Ödemiş Belediye Başkanı dilediği kadar zam yapabilir
Sayın Ali TEZEL sesimize kulak verirseniz sizinle bir derdimizi paylaşmak istiyoruz. Ben Ödemiş Belediyesinde çalışan ve Belediye İşçileri adına size yazan anlatmaya çalışacak olan bir belediye çalışanıyım.
28.02.2009 tarihinde yürürlüğe girmesi düşünülen ve bir maddesi haricinde (60.maddenin b ve c bentleri) bütün maddeler üzerinde anlaşmaya varılan toplu iş sözleşmesinin dönemin Belediye Başkanı A.Mahmut Badem tarafından imzalanması gerekiyordu. Ancak A. Mahmut Badem tarafından seçimlerden sonraya bırakılan sözleşme o dönemde imzalanamamıştır. 2009 Mart ayında göreve gelen yeni Belediye Başkanı Bekir Keskin görevinin ilk zamanlarında bu sorunla karşı karşıya kalmıştır. Yetkili, Hizmet İş Sendikası ile sözleşme imzalanacağını ancak bunun geçerlilik süresinin 1 Yıl süreli olmasını sendikadan talep etmiştir. Hizmet İş sendikası ise sözleşme sürelerinin iki yıl olduğunu bunun yasal bir durum olduğunu söyleyerek bu teklifi kabul etmemiştir. Neticesinde taraflar arasında Sözleşmenin süresi bakımından uyuşmazlık yaşanmıştır ve anlaşma sağlanamamıştır. (Nisan 2009)
Bunun ardından 30.06.2009 tarihinde yetkili Hizmet İş sendikası anlaşmazlıktan dolayı 2822 sayılı kanunun 27. maddesi uyarınca Grev kararı almış ve 01.07.2009 tarihinde ilan etmiştir.
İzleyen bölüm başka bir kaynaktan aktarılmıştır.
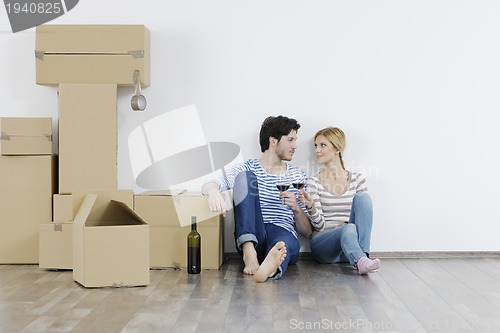 Image of Young couple moving in new home
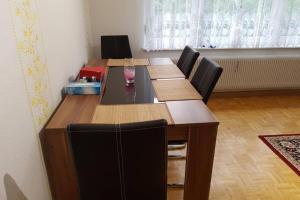 a dining room table with chairs and a table at 2 Rooms Apartment in Triberg in Triberg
Ardından yapılan grev oylamasında ise 132 işçinin 117 si grev oylamasına katılmış ve 112 oy greve hayır 5 oy greve evet diyerek göstermişlerdir.
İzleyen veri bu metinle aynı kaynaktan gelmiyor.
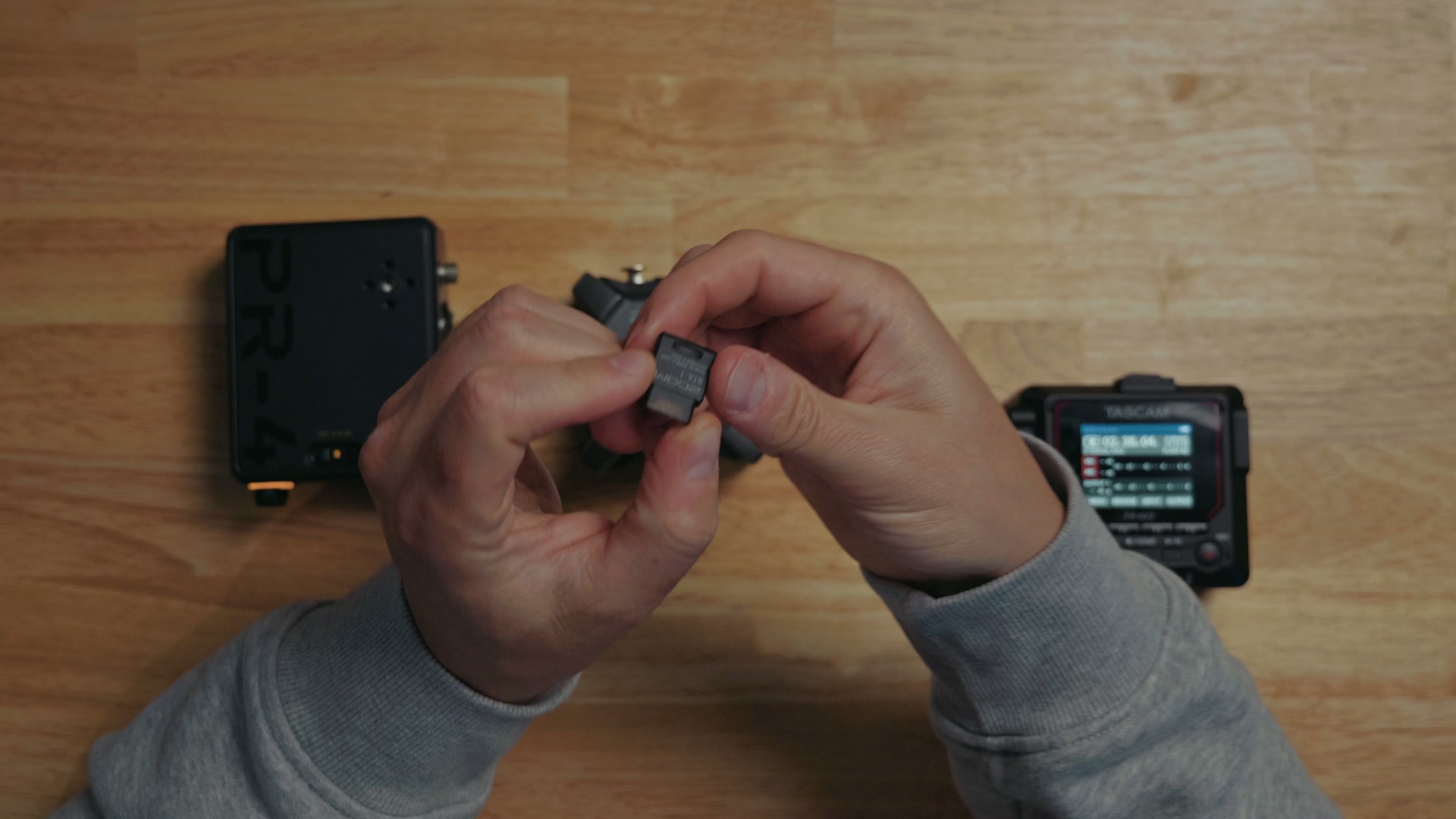 The separate Bluetooth adapter dongle held next to the audio recorder it plugs into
Şimdi ise her grev oylaması hem yetki olayları için mahkemeler 3 yıldır devam ediyor. Toplu sözleşme yapamıyor ve eski ücretlerimizle çalışmaya devam ediyoruz. Belediye Başkanımız da çözüm istiyor ama eli kolu bağlı bize bir yol gösterir misiniz? ÖDEMİŞ BELEDİYESİ İŞÇİLERİ
Sayın okurum, çeşitli sendikaların didişmesinden siz işçileri zarar görmüşsünüz ama bunun çözümü de yok değil. Halen adınıza ortada toplu iş sözleşmesi yok ve olacak gibi de görünmüyor. Bu sebeple şimdi hepiniz tek Belediye Başkanlığına hitaben, durumu anlatan bir dilekçe yazın. Dilekçenizde, Belediye Başkanlığı ile tek tek Bireysel Hizmet Sözleşmesi imzalamak istediğinizi belirtin ve talep ettiğiniz ücreti de yazın. Belediye Başkanlığı makamının sizlerle tek tek bireysel hizmet sözleşmesi imzalama yetkisi var ve sözleşmede verilecek ücreti belirleme yetkisi de var.